Let me echo one of @PaulRayius's points made at the PDF Reuse TWG meeting today, because I agree with it: it's a fact of life that some authors include tables in paragraphs, or even mid-sentence. We're not just talking about floating tables (that's an entirely different discussion), but about cases where the position of the table within the paragraph actually matters.

We can argue all day long about whether that's good editorial practice, but it's something that authors do. That being the case, we should allow it to be encoded as such in the structure tree (esp. from a remediation point of view, where rewriting the text may not be an option).

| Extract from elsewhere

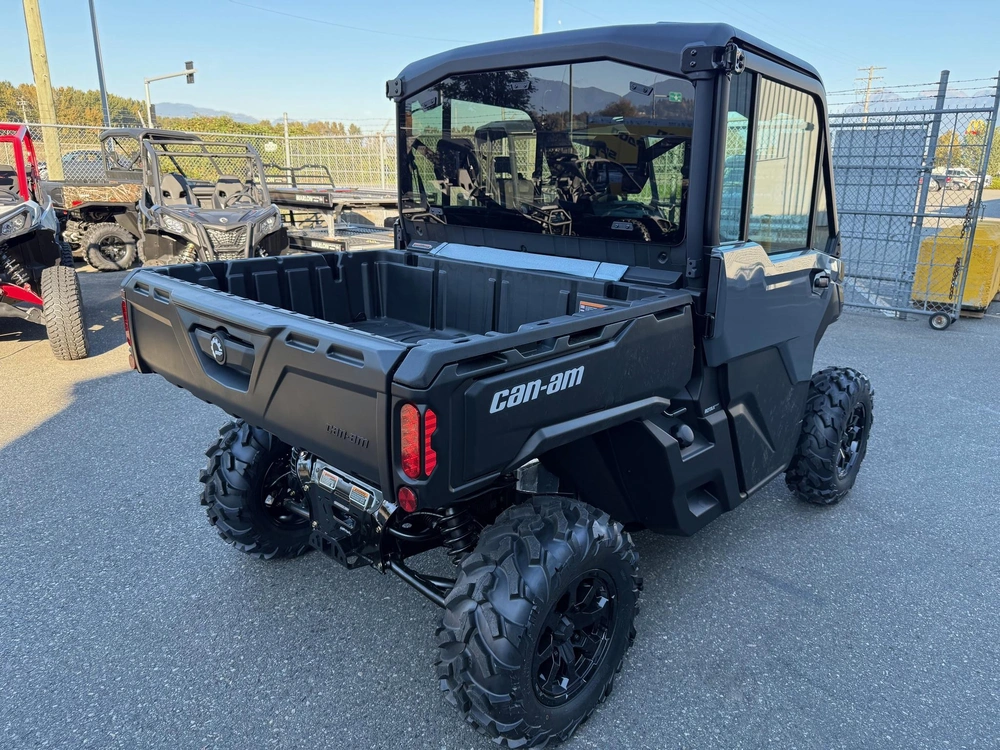 2027 Can-am Defender Dps Cab Hvac Hd10 Twin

In addition to that, I also don't believe that the nonlinearity of tables is a good argument against allowing tables inside Ps. Formulas can occur inside paragraphs, and those are often nonlinear as well. Here's a somewhat involved example from my own work: https://i.imgur.com/rAtsZbf.png. Not saying that such use cases are relevant to a significant portion of our user base, but they're by no means rare. You'll find many more extreme examples in any homological algebra textbook ;)

faceless2 commented 3 years ago

+1 from me too. Here's another example, clearly mid-sentence:

image

Matthew's correct that you can't place a <table> inside a <p> in HTML, but it's worth noting that this decision was made some 30 years ago. It predates the display: inline-table which has been around for at least 20 years, and the (fairly common) use of a float property on a table to move it to one side of a paragraph. I'm not sure that decision would be made the same way today.

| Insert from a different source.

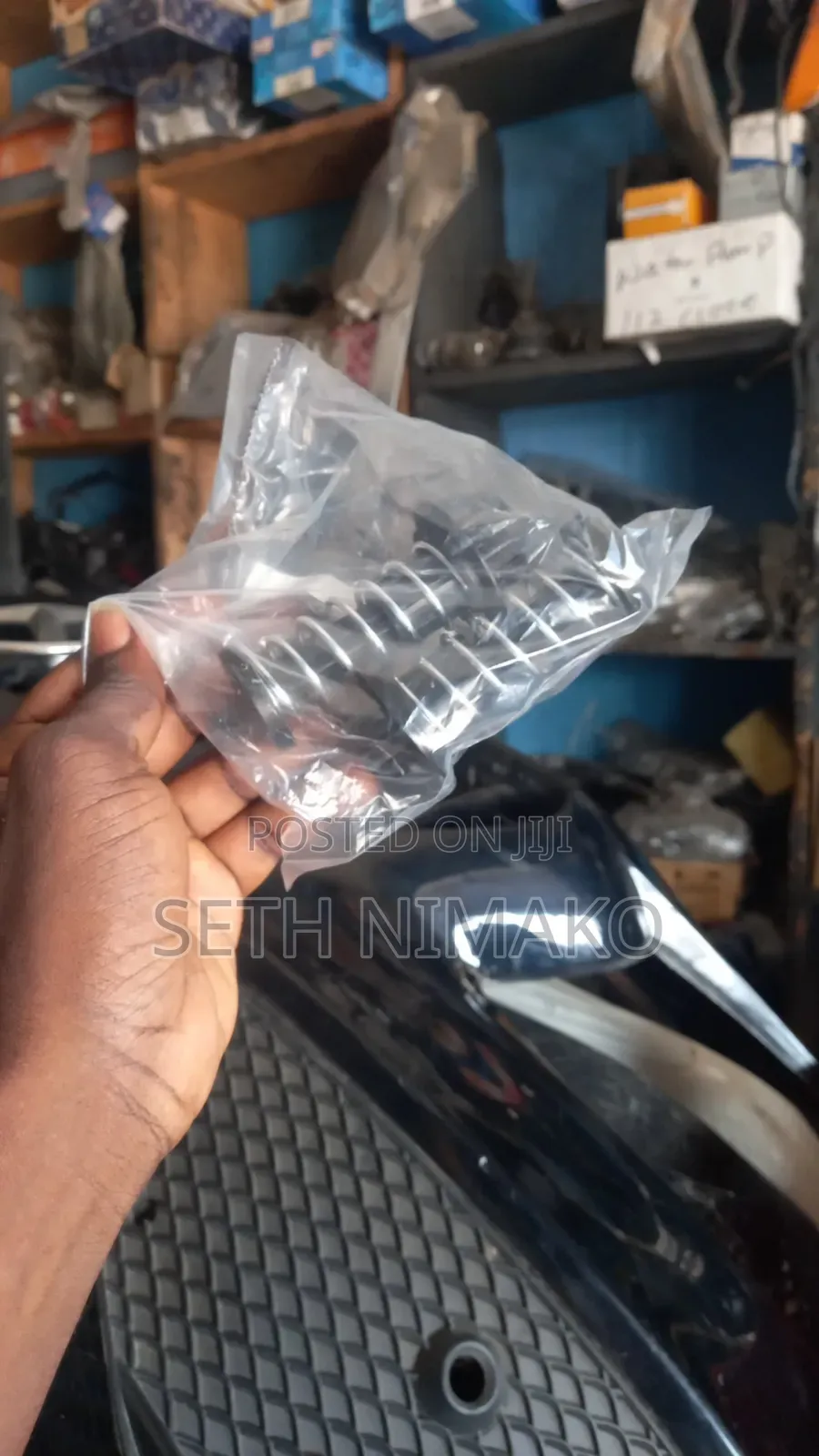 Mercedes Benz Bonnet Spring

It's a classic trap for young players in HTML, and anyone looking for advice is told to use a <div> instead of a <p>, which is what everyone does. Semantically it's a worse choice, and it's also not an option available to us in PDF, because <div> is not a general block container, it has special meaning. I don't think we should repeat this mistake if we can avoid it.

DuffJohnson commented 3 years ago

OK, I concede!

In the end I can't come up with much better than non-linearity to explain why I feel table differs from list, figure and formula, in this context, nor do I find comfort in the rather spare definitions of the respective structure element types. The examples have been instructive; thank you.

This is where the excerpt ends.